Objective#

Predict a ‘detractor’ such that restaurant owner can look-up interesting (negative) feedback and act upon that.

Initialize notebook#

Import dependencies#

import pandas as pd
import spacy

from imblearn.ensemble import BalancedRandomForestClassifier, BalancedBaggingClassifier
from sklearn.base import TransformerMixin
from sklearn.feature_extraction.text import CountVectorizer, TfidfVectorizer
from sklearn.metrics import balanced_accuracy_score
from sklearn.model_selection import StratifiedShuffleSplit
from sklearn.tree import DecisionTreeClassifier

Set configuration#

# Make sure all columns are printed when printing a DataFrame.
pd.set_option("display.max_columns", 50)
pd.set_option('display.max_colwidth', 250)

Initialize spaCy model#

nlp = spacy.load("nl_core_news_lg")

Initialize data#

Read data from source#

data_source = "https://bhciaaablob.blob.core.windows.net/cmotionsnlpblogs/RestoReviewRawdata.csv"
raw_df = pd.read_csv(filepath_or_buffer=data_source,
                     decimal=",",
                     dtype={"restoId": pd.Int64Dtype(),
                            "restoName": str,
                            "tags": str,
                            "address": str,
                            "scoreTotal": float,
                            "avgPrice": str,
                            "numReviews": pd.Int64Dtype(),
                            "scoreFood": float,
                            "scoreService": float,
                            "scoreDecor": float,
                            "review_id": pd.Int64Dtype(),
                            "numreviews2": pd.Int64Dtype(),
                            "valueForPriceScore": str,
                            "noiseLevelScore": str,
                            "waitingTimeScore": str,
                            "reviewerId": str,
                            "reviewerFame": str,
                            "reviewerNumReviews": pd.Int64Dtype(),
                            "reviewDate": str,
                            "reviewScoreOverall": float,
                            "reviewScoreFood": float,
                            "reviewScoreService": float,
                            "reviewScoreAmbiance": float,
                            "reviewText": str})

Inspect raw data#

raw_df.info()
raw_df.sample(n=3, random_state=42)

Prepare data#

Create copy of the raw data#

reviews = raw_df.copy()

Drop irrelevant columns#

print(f"Shape before: {reviews.shape}")

reviews = reviews.drop(columns=['restoName', 'tags', 'address', 'review_id', 'reviewDate'])

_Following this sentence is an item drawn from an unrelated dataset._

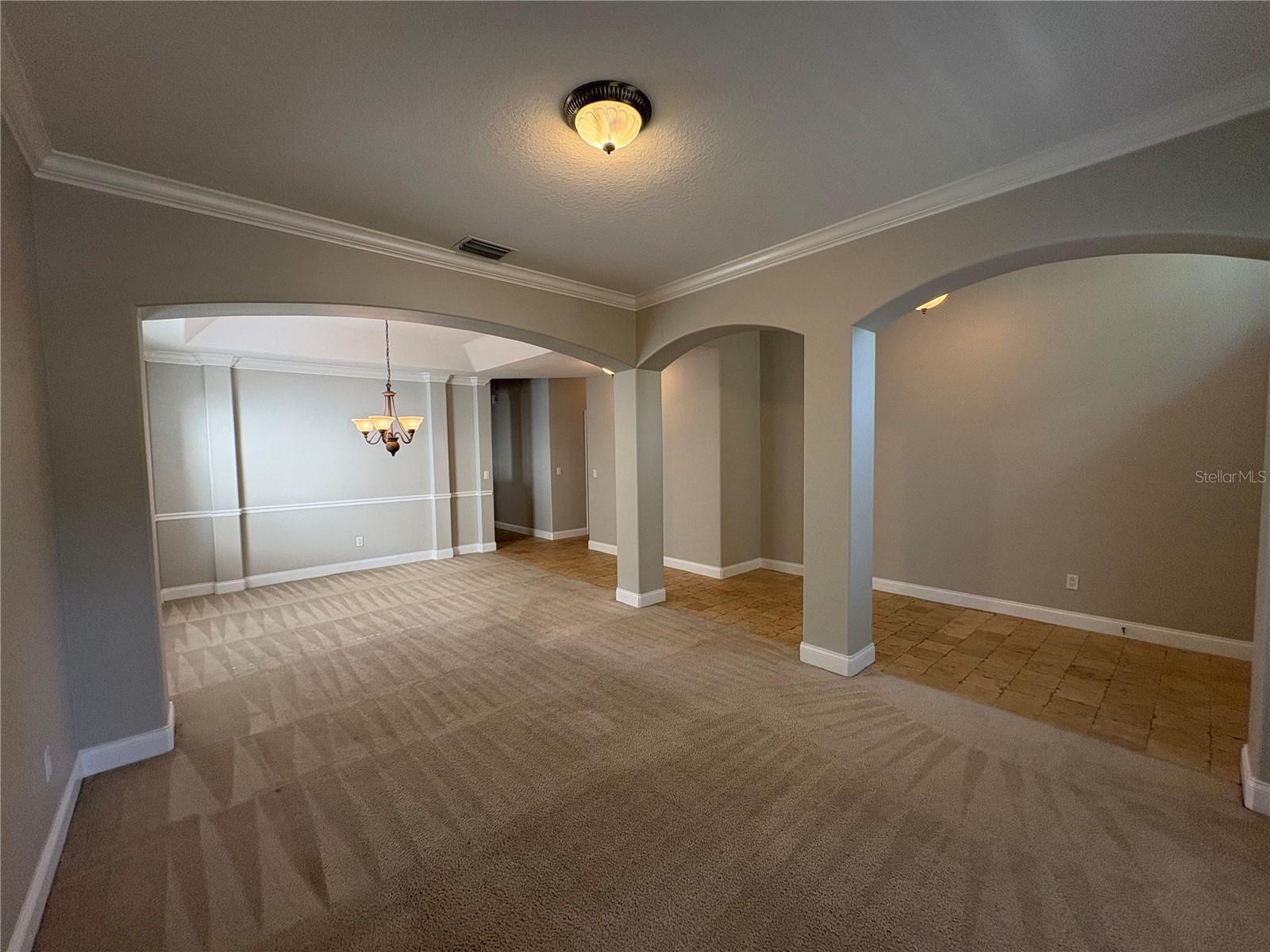 6931 LUCCA ST, ORLANDO, FL, 32819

print(f"Shape after: {reviews.shape}")

Drop rows with null values#

print(f"Shape before: {reviews.shape}")

reviews = reviews.dropna(axis='index')

print(f"Shape after: {reviews.shape}")

Drop invalid reviews#

def is_invalid_review(review):
    if ("- Recensie is momenteel in behandeling -" in review) or len(review) <= 3:
        return True
    else:
        return False


print(f"Shape before: {reviews.shape}")

reviews = reviews.drop(index=reviews[reviews['reviewText'].apply(lambda x: is_invalid_review(x))].index)

print(f"Shape after: {reviews.shape}")

Convert reviewText from “bytes” to “string”#

def bytes_to_string(bytes):
    '''
    Concat the passed argument with the UTF-8 decode statement and then evaluate the resulting statement.
    '''
    return eval(bytes + ".decode('utf-8')")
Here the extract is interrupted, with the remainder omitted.